━━━ Records to process ━━━
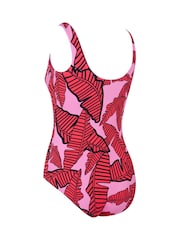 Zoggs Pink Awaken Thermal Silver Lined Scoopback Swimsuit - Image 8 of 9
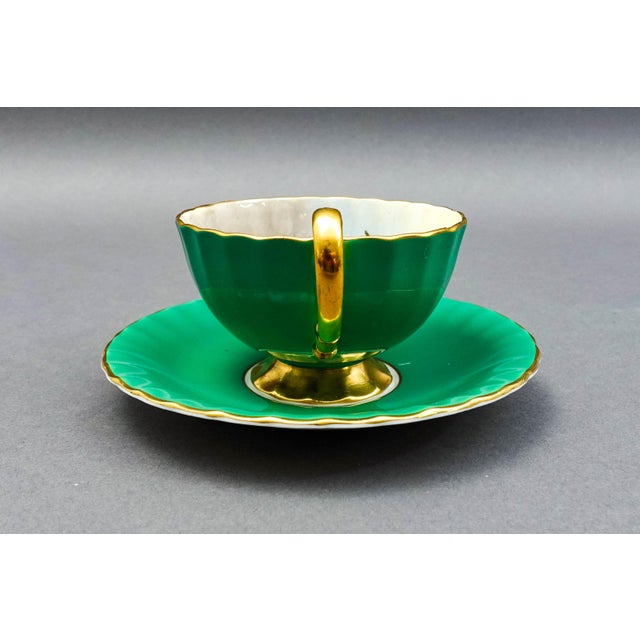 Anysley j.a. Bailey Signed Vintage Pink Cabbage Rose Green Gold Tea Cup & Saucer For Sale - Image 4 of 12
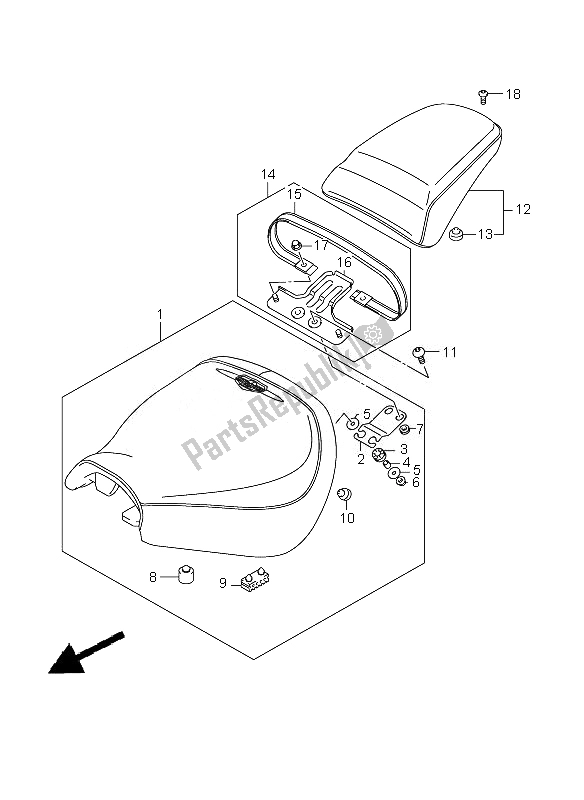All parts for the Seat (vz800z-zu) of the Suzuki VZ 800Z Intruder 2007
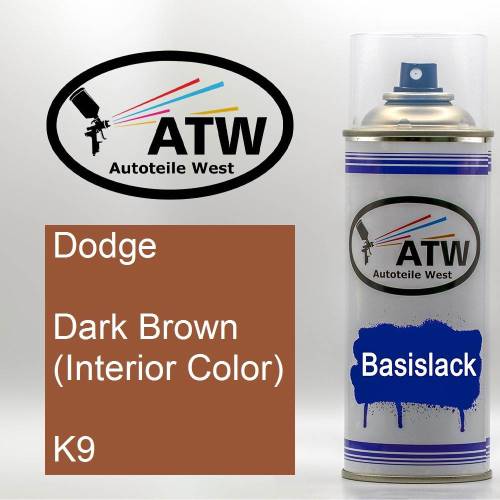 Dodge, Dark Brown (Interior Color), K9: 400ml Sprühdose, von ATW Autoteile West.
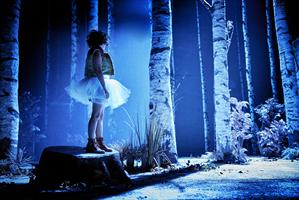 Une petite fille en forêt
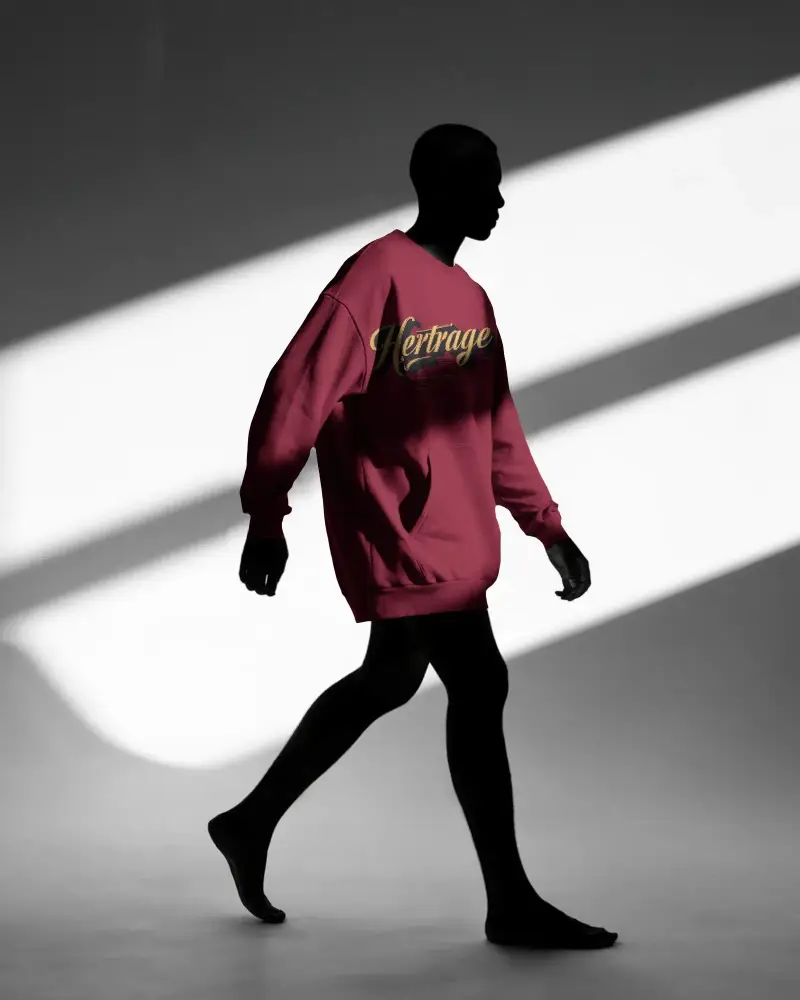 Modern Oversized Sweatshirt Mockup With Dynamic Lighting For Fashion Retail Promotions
━━━
━━━ Records to process ━━━
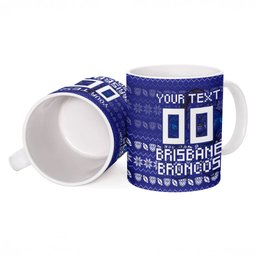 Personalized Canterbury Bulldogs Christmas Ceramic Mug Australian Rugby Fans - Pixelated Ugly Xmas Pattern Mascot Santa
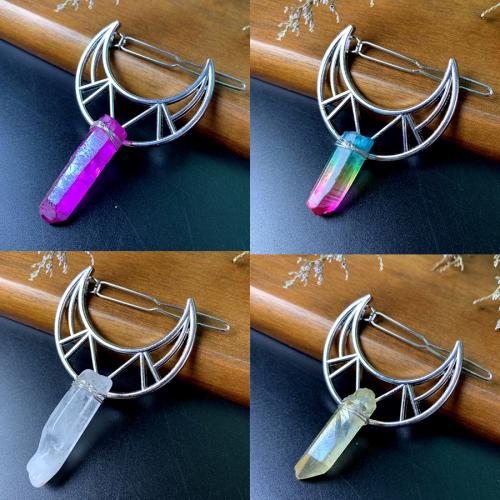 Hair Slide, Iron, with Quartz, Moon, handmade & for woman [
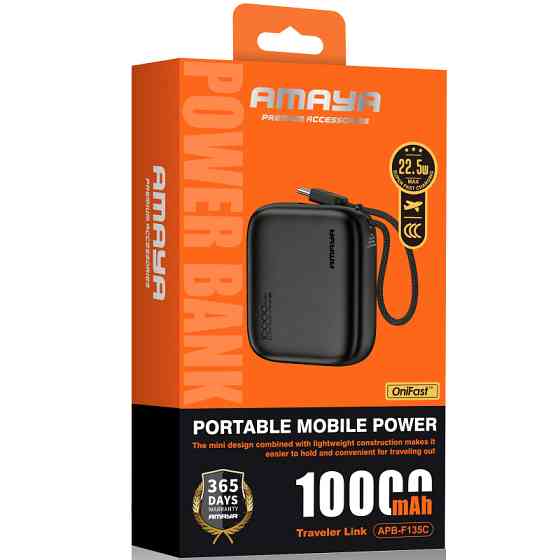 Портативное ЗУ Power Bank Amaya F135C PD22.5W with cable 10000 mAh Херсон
━━━
Action item
In the listing above, find the line containing "Zoggs Pink Awaken" and the line containing "Modern Oversized Sweatshirt", then write out both of them and every line between, exactly, with no pictures.

Solved problem
 Zoggs Pink Awaken Thermal Silver Lined Scoopback Swimsuit - Image 8 of 9
 Anysley j.a. Bailey Signed Vintage Pink Cabbage Rose Green Gold Tea Cup & Saucer For Sale - Image 4 of 12
All parts for the Seat (vz800z-zu) of the Suzuki VZ 800Z Intruder 2007
 Dodge, Dark Brown (Interior Color), K9: 400ml Sprühdose, von ATW Autoteile West.
 Une petite fille en forêt
 Modern Oversized Sweatshirt Mockup With Dynamic Lighting For Fashion Retail Promotions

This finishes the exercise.